The administration of President George W. Bush supports repealing certain tax provisions favoring oil and gas and encouraging holders of deepwater Gulf of Mexico leases issued in 1998-99 without price thresholds to voluntarily renegotiate terms.

But it opposes compelling those leaseholders to renegotiate or pay extra fees or be barred from future lease sales. It also opposes removing the oil and gas industry from a tax reduction applied to other US manufacturers, the White House’s Office of Management and Budget said.

OMB made the remarks in an administrative policy statement on Jan. 17, one day before the House passed, by a 264-163 vote, HR 6-the “Creating Long-term Energy Alternatives for the Nation (CLEAN) Act.” The statement addresses provisions in the bill.

It said Section 204 of HR 6, the provision aimed at compelling leaseholders to renegotiate, potentially could significantly delay future lease sales while it is litigated.

“Even if a challenge is ultimately held to be unfounded, a court might enjoin sales resulting in significant revenue decreases to the [US] Treasury and disruption of energy supplies to the nation,” OMB continued.

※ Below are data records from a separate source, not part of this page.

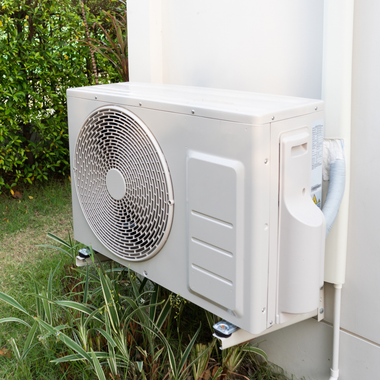 Outdoor wall-mounted air conditioner unit beside a white building, with greenery nearby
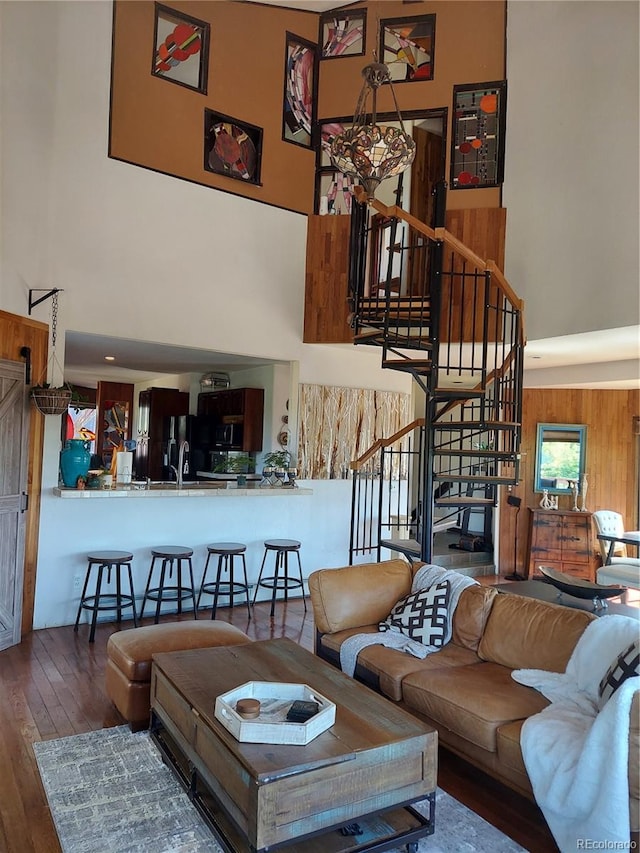 living room featuring hardwood / wood-style flooring and a towering ceiling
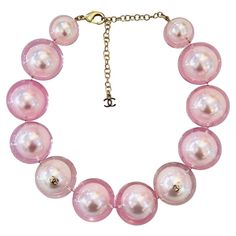 Rare Item - Chanel Ltd Edition 'CC' Logo Pearl Choker Necklace Oversized baby pink faux pearl choker encased in clear resin and detailed with gold 'CC' logo embellishments. Adjustable lobster clasp and a dangle chain with 'CC' logo. From Summer 2017 Collection. Size – One Size Condition – Very Good Composition – Faux Pearls Comes with – Necklace Only Cher Horowitz Jewelry, Star Necklace Gold, Chanel Necklace, Chanel Pearls, Pink Chanel, Pearl Choker Necklace, Chanel Vintage, Pierced Jewelry, Chanel Jewelry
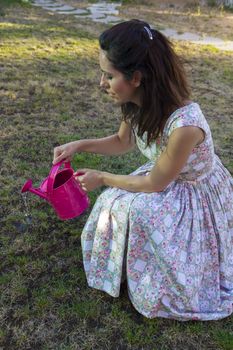 Woman watering green garden. Mature girl gardening in her backyard. spring season, rural scene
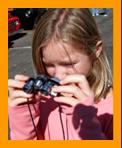 Girl with binoculars. 
Fille avec des jumelles.
Madchen mit fernglas.
Chica con binoculares.
Tjej med kikare.
Ragazza con il binocolo.
Meisje met verrekijker.
Jente med kikkert.
Dziewczyna z lornetka.
Divka s dalekohledem.
Pige med kikkert.
Lany tavcsovel.
Tytto kiikarilla.
Menina com binoculos.
Meitene ar binokli.
Mergaite su ziuronais.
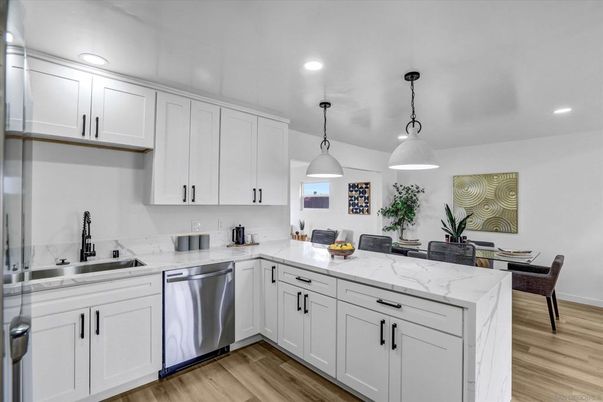 Dining room, Interior, Kitchen, Pendant Lights, Recessed Lighting, Stainless Steel Appliances, Wood Texture Flooring
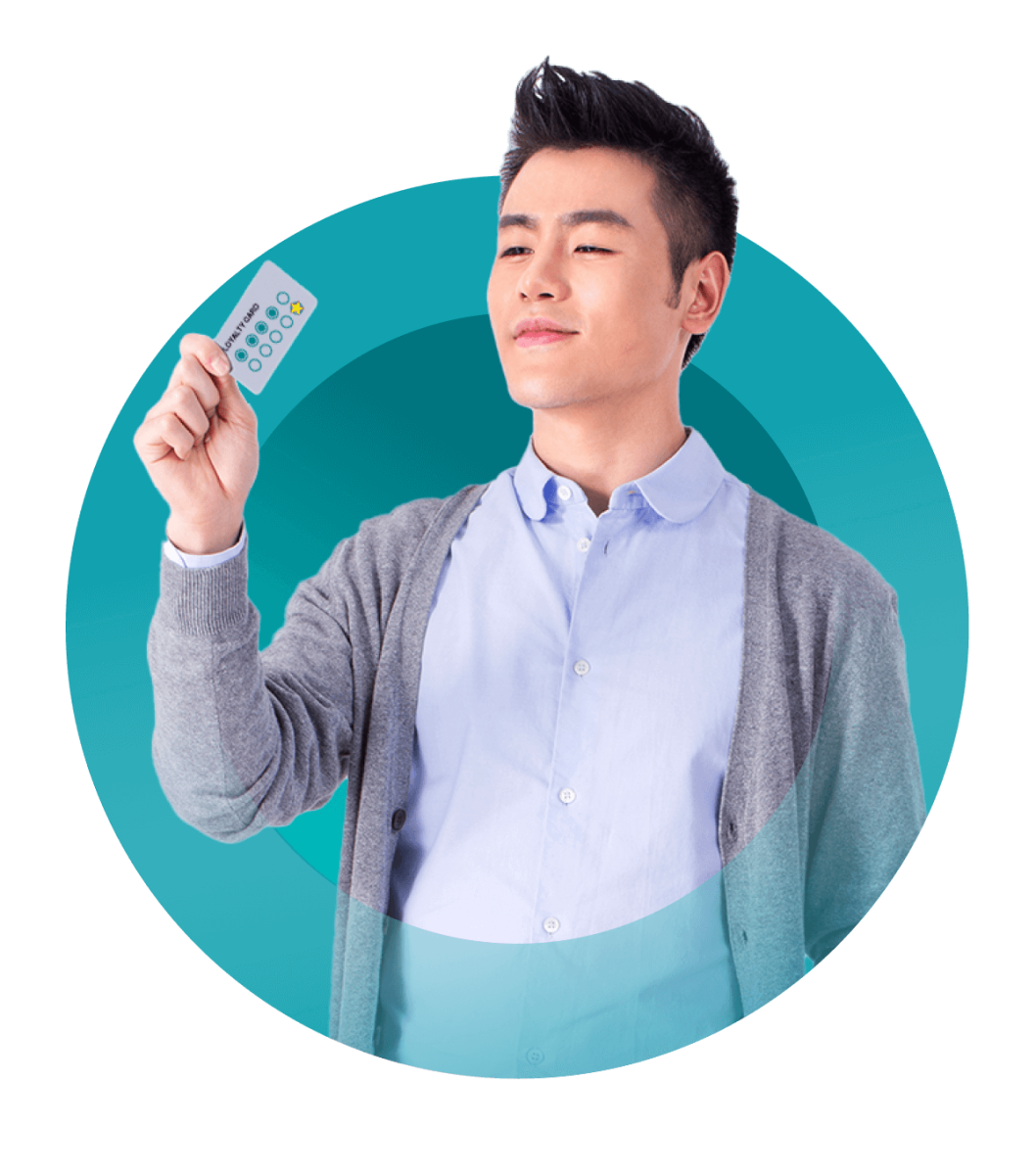 Man holding a loyalty promotion card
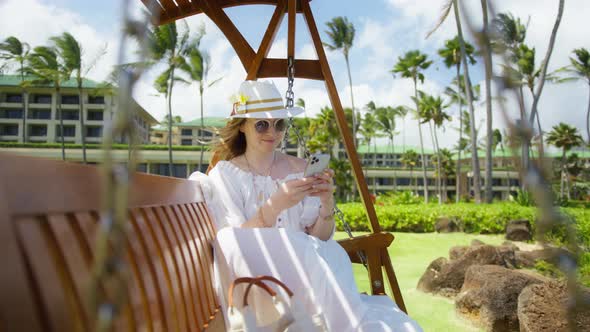 Woman in Boho Style Dress Travel Blogger Using Smartphone Post on Social Media alt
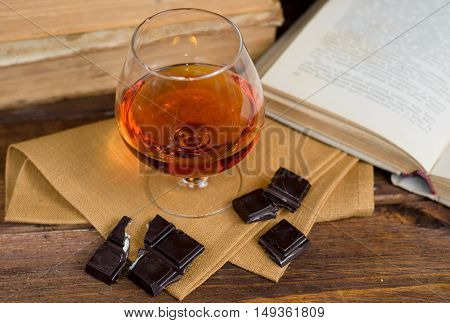 Glass of brandy and a chocolate on a old wooden table with old books
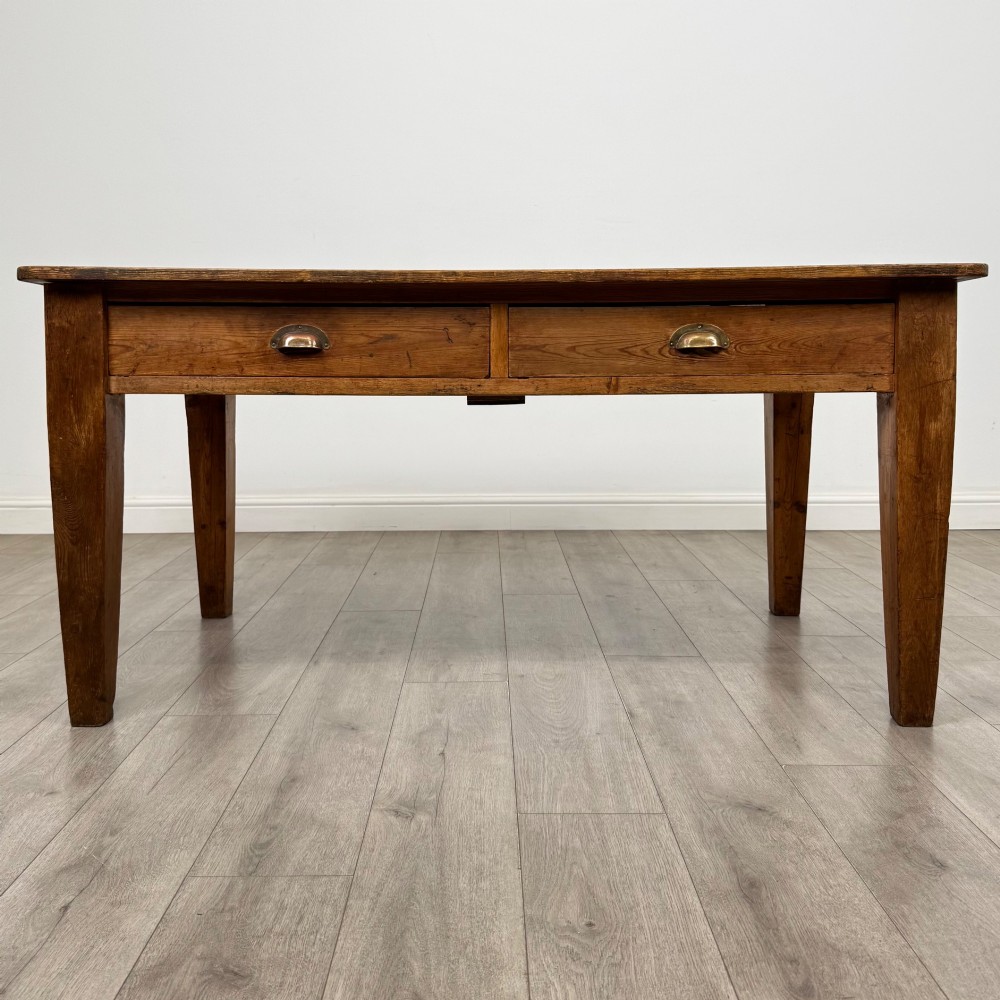 A 19th-century pine writing table featuring two front drawers with brass cup handles and tapered square legs.
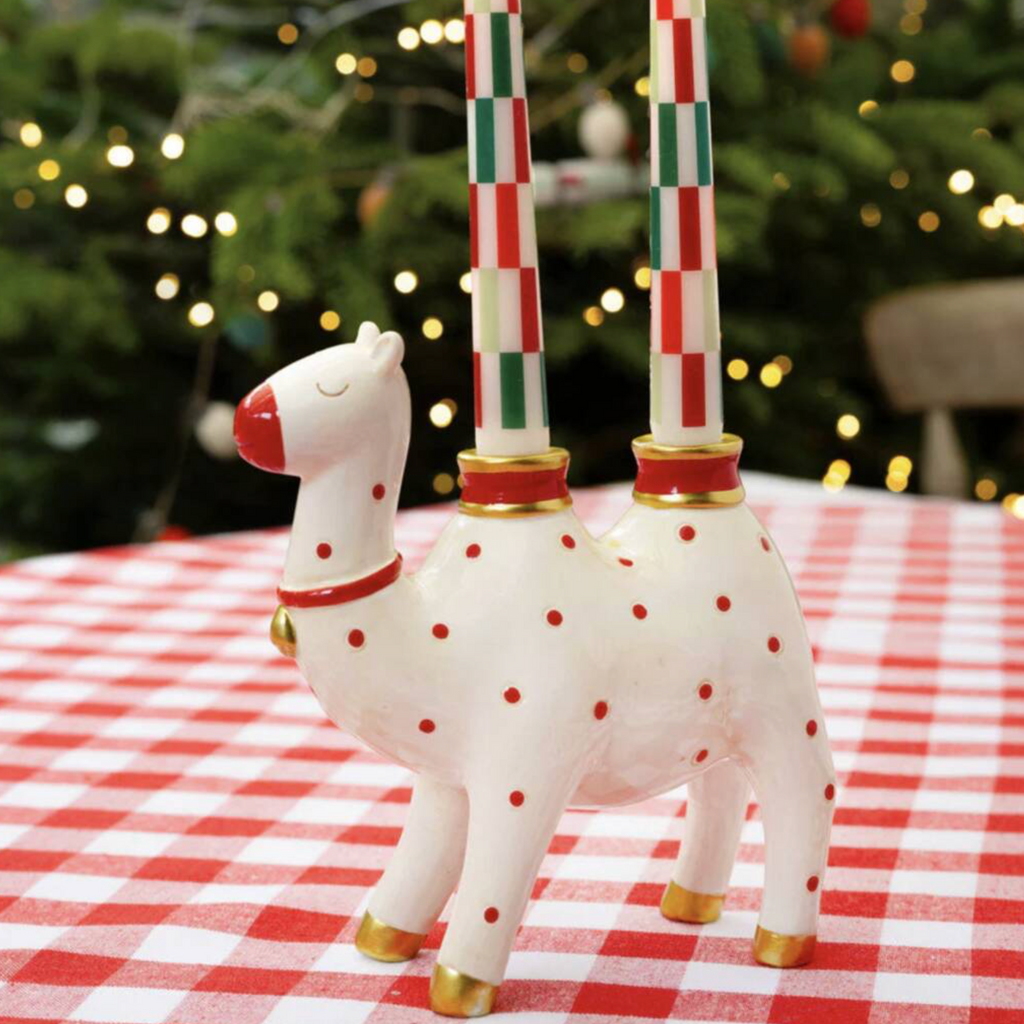 Close up of Ceramic Camel Candle Holder on a red surface with striped taper candles in the humps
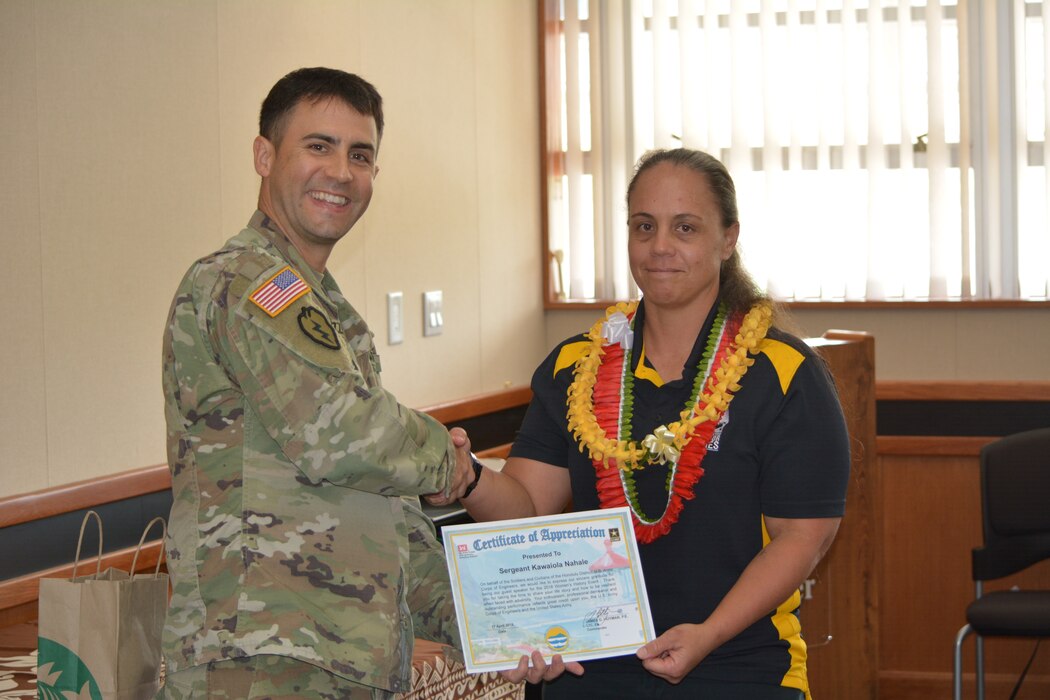 Honolulu District Deputy Commander Maj. Thomas Piazze stands with U.S. Army Reserve Sgt. Kawaiola Nahale as the guest speaker for Women's History Month.  Nahale spoke about competing in the 2016 Department of Defense Warrior Games held at the United States Military Academy at West Point, N.Y.  Based on her swim times at the trials there, she qualified to compete in both the Warrior Games and Invictus Games. Nahale is a Financial Analyst with the U.S. Army Reserve's 311th Signal Command based at Fort Shafter, Hawaii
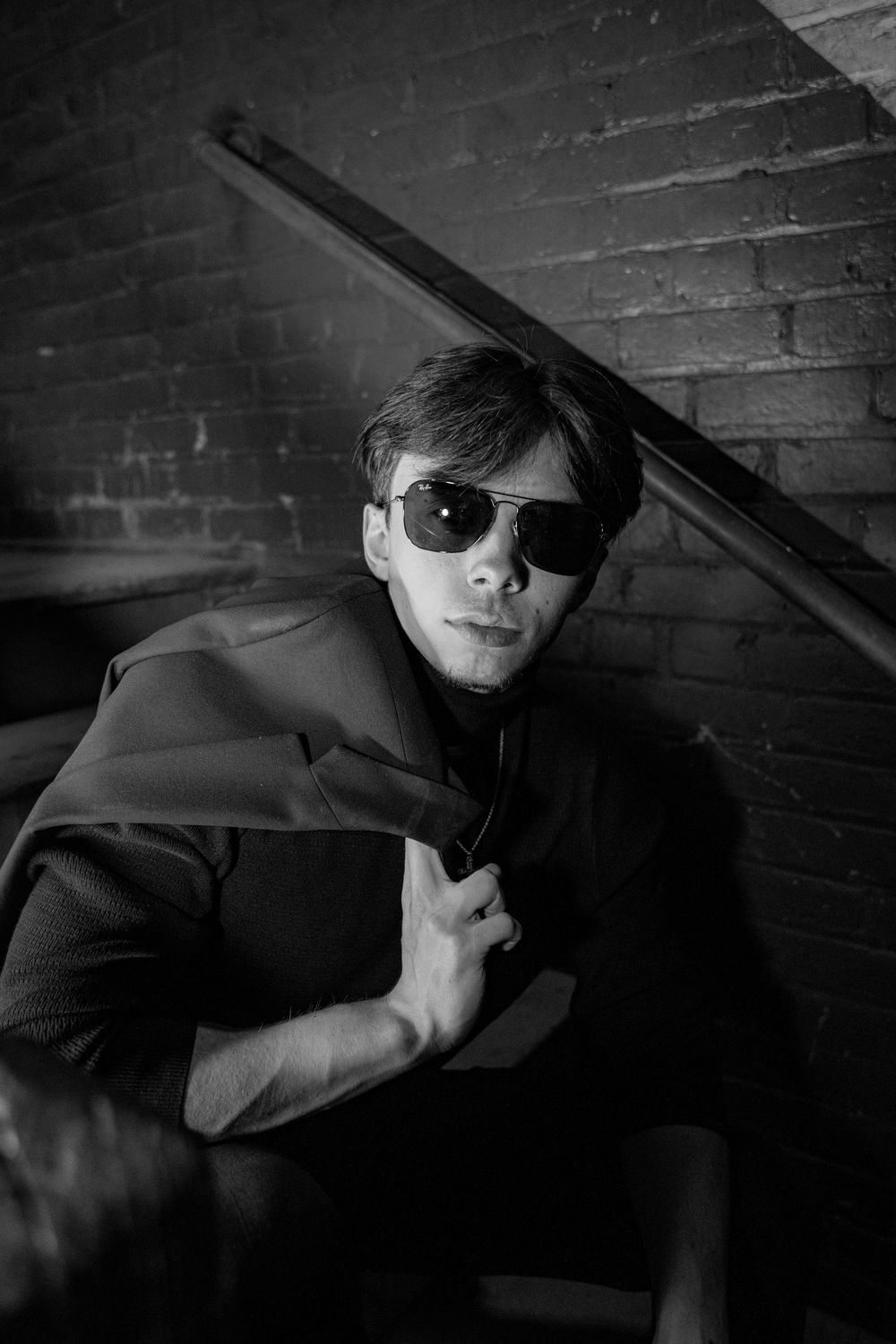 Man in black outfit and aviator sunglasses posing on stairs against brick wall in black and white photo.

It said that while the administration opposes “statutorily forced renegotiations of contracts,” it is investigating options to deal with the problem, and it supports voluntary renegotiations under which the leaseholders would accept the addition of price thresholds. OMB said that the administration also “strongly opposes” Section 302, which effectively would raise taxes for oil and gas producers by removing them from a deduction which Congress approved for all US manufacturers in 2004.

“While it is appropriate to eliminate unneeded tax incentives targeted specifically at the oil and gas industries, it is inappropriate to single out this industry from all others for punitive tax treatment. Broad-based tax increases on any industry make that industry less competitive with overseas counterparts,” OMB said.

It said the 2005 Energy Policy Act provisions accelerating the write-off of certain geological and geophysical costs and providing mandatory royalty relief and prohibitions on drilling-related user fees are not necessary, and it supports their repeal as outlined in HR 6.

OMB also urged Congress to consider repealing other 2005 energy act provisions directed at oil and gas, such as federal funding for oil and gas research and development. “The industry has the incentives and resources to accomplish such activities without additional federal subsidies, which are unwarranted in today’s price environment,” the White House office said in its policy statement.